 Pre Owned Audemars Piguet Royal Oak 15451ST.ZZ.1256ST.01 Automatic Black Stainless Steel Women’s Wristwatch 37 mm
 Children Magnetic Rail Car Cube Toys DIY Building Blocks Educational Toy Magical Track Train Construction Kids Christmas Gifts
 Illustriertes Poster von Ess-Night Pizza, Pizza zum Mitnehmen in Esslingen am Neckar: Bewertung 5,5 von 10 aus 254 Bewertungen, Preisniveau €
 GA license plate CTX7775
---
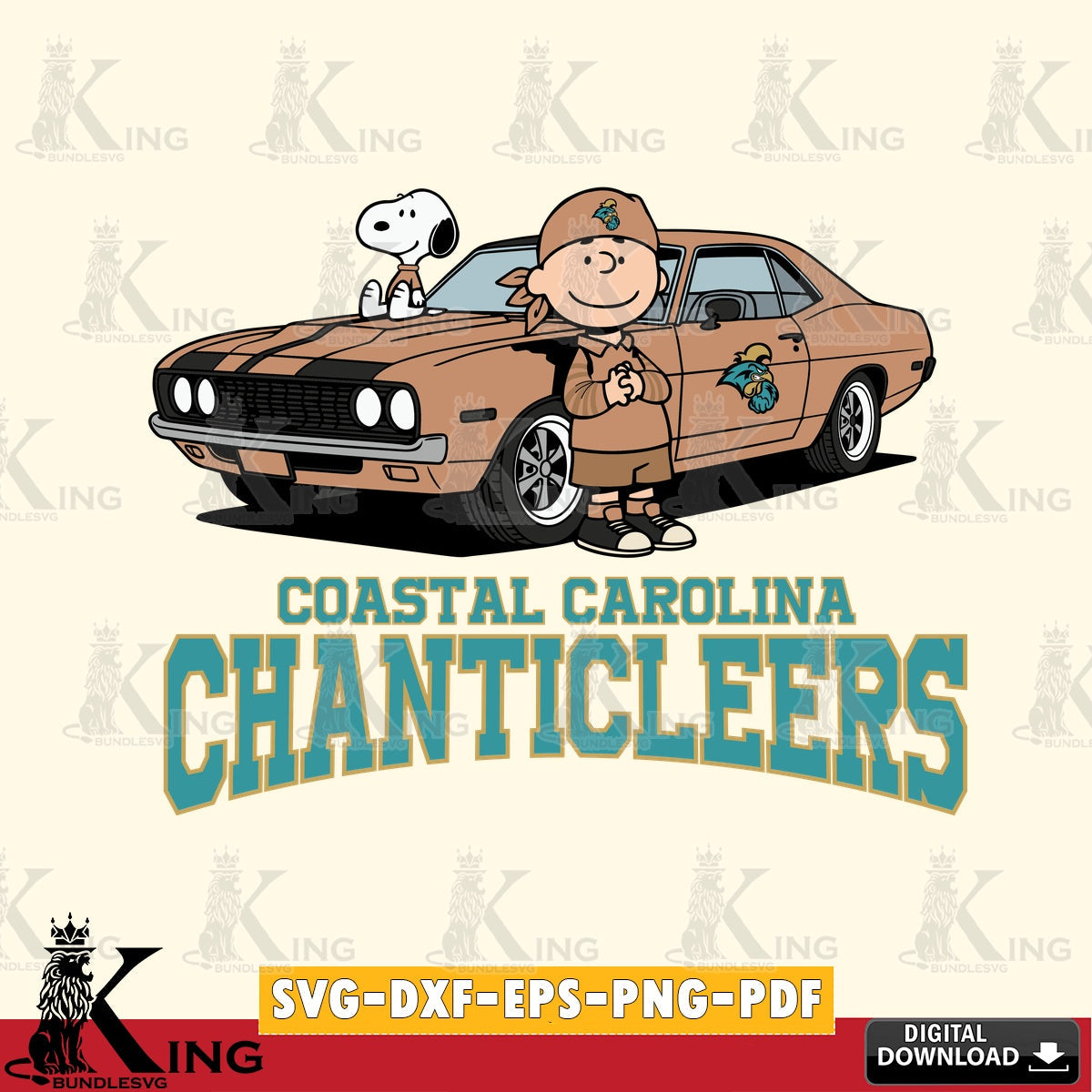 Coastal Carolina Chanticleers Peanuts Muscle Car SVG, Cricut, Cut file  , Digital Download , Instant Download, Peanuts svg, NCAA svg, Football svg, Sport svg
==
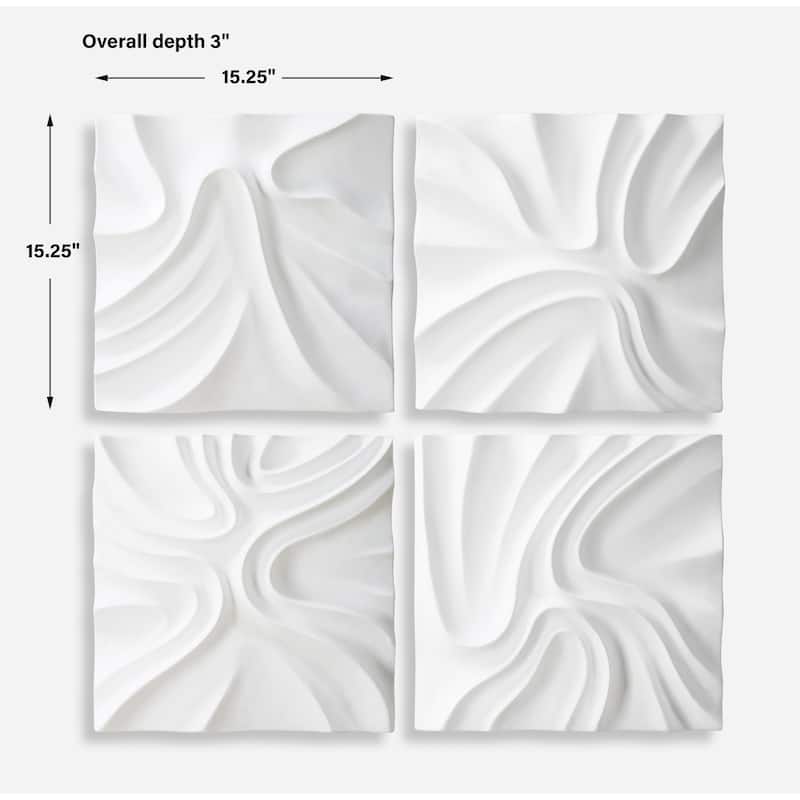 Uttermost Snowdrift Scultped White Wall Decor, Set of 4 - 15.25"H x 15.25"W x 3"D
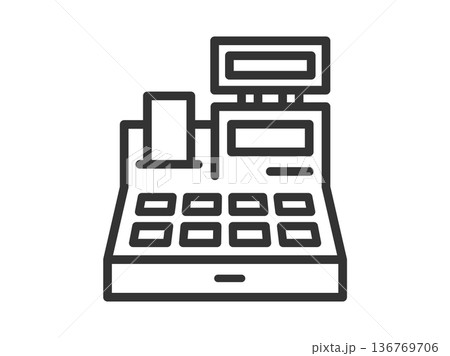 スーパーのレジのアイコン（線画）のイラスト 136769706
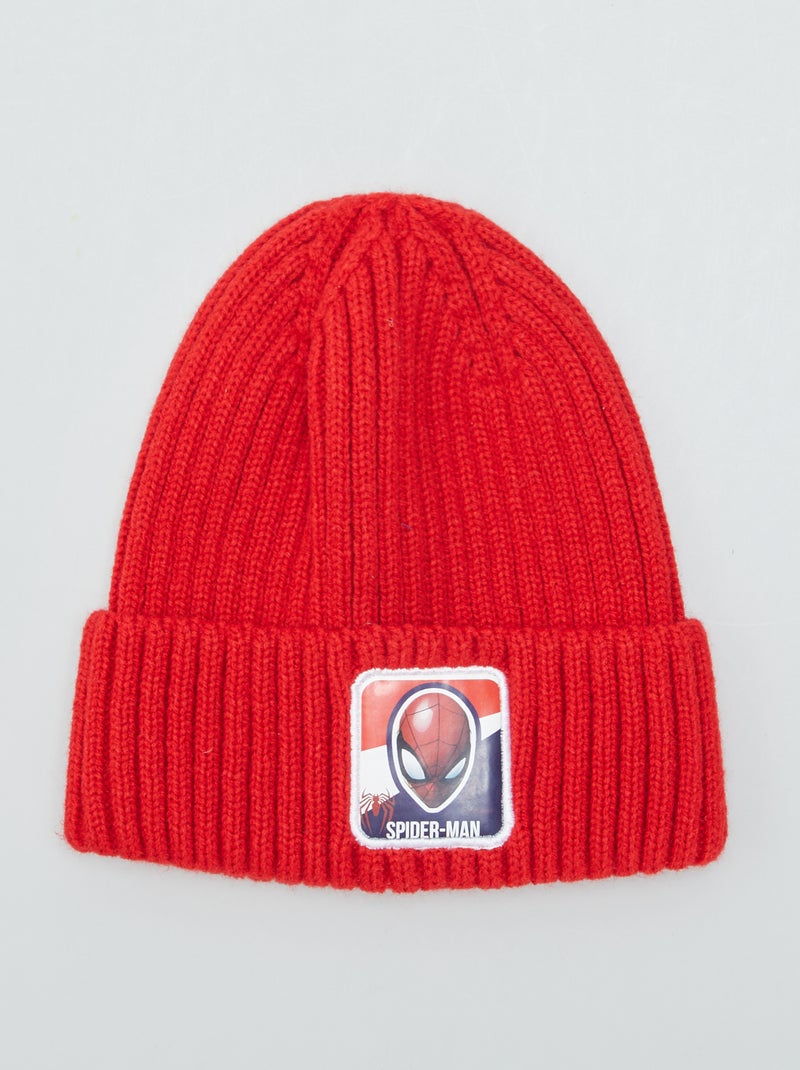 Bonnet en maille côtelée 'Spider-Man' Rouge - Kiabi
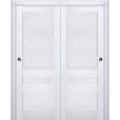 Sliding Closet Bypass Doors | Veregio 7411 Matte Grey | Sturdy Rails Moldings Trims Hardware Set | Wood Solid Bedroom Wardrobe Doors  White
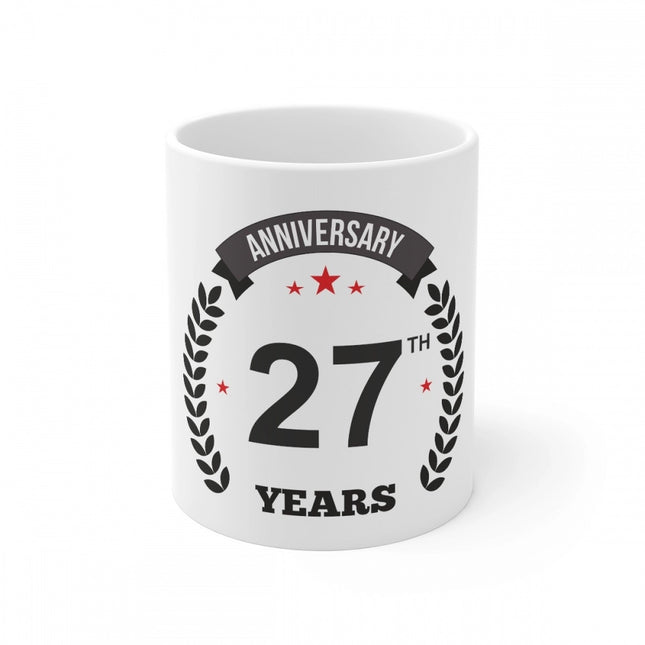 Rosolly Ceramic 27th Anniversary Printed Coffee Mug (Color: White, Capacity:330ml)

• _TASK TO CARRY OUT_
Retype, exactly and in full, the lines above from the one containing "Children Magnetic Rail" through the one containing "GA license plate CTX7775".

• _EXERCISE RESULT_
 Children Magnetic Rail Car Cube Toys DIY Building Blocks Educational Toy Magical Track Train Construction Kids Christmas Gifts
 Illustriertes Poster von Ess-Night Pizza, Pizza zum Mitnehmen in Esslingen am Neckar: Bewertung 5,5 von 10 aus 254 Bewertungen, Preisniveau €
 GA license plate CTX7775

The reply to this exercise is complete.